GIVEN RECORDS:

---+---

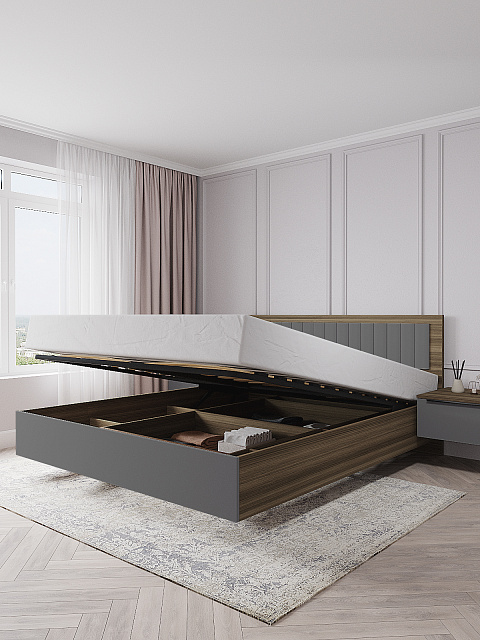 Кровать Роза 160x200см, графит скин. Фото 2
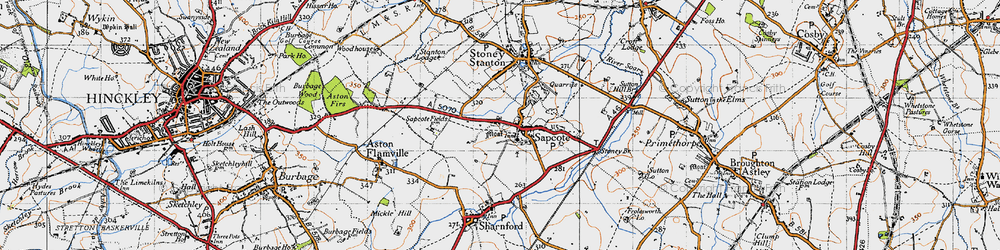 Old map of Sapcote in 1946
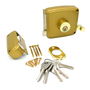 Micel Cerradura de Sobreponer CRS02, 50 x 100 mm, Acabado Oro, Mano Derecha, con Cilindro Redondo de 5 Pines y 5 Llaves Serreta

---+---

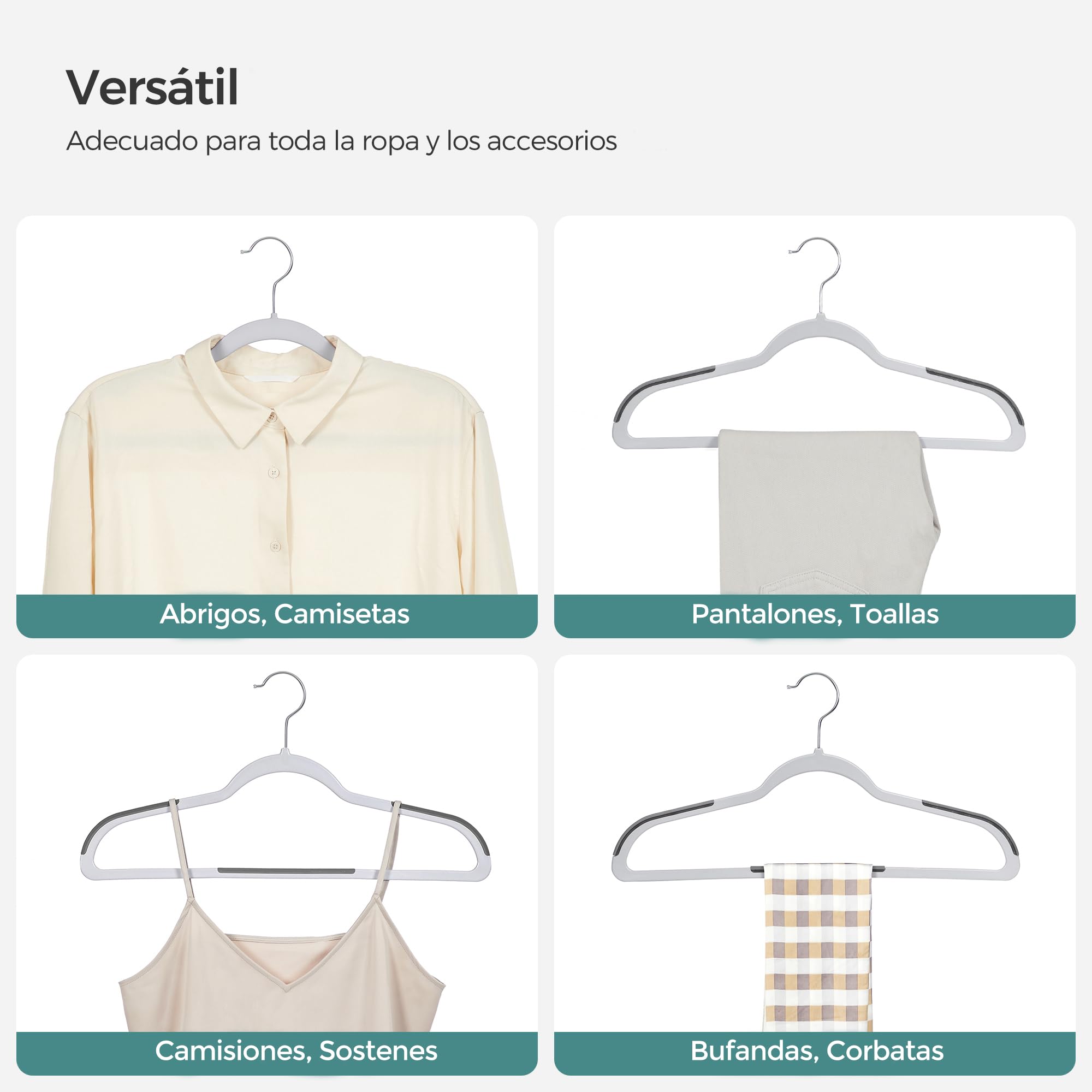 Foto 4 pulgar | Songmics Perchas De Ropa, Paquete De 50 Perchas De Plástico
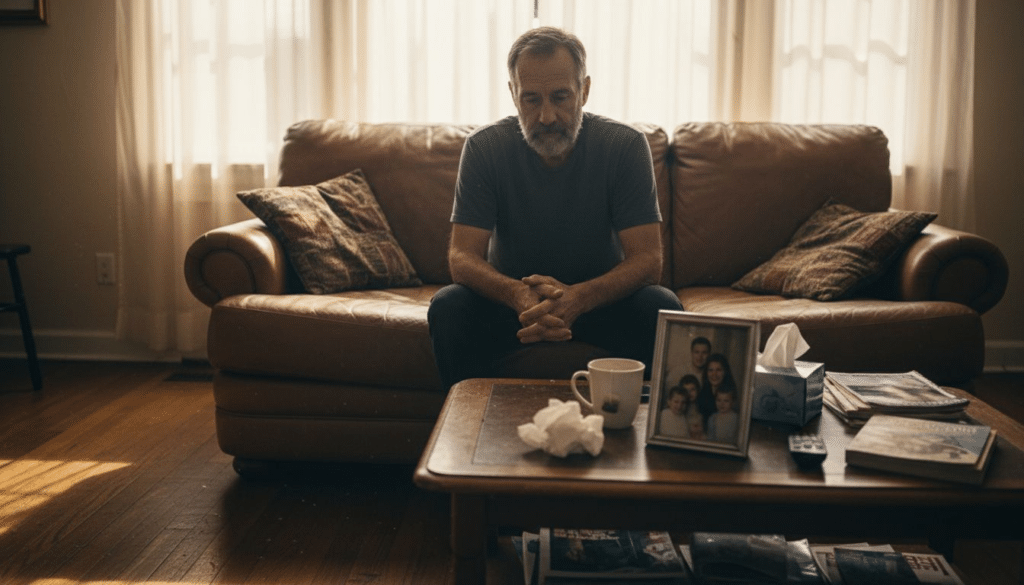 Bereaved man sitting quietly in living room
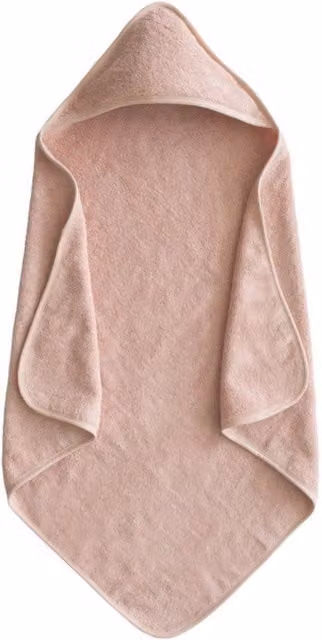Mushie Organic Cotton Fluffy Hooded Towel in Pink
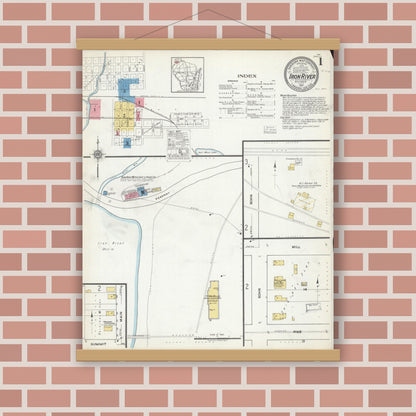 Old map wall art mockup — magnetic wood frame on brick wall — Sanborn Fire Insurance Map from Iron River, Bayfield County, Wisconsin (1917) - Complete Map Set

---+---

ACTIVITY: Pictures in the material above should be skipped; print exactly the lines from the one with "Кровать Роза 160x200см, графит скин. Фото 2" through the one with "Micel Cerradura de".

TASK RESULT:
 Кровать Роза 160x200см, графит скин. Фото 2
 Old map of Sapcote in 1946
 Micel Cerradura de Sobreponer CRS02, 50 x 100 mm, Acabado Oro, Mano Derecha, con Cilindro Redondo de 5 Pines y 5 Llaves Serreta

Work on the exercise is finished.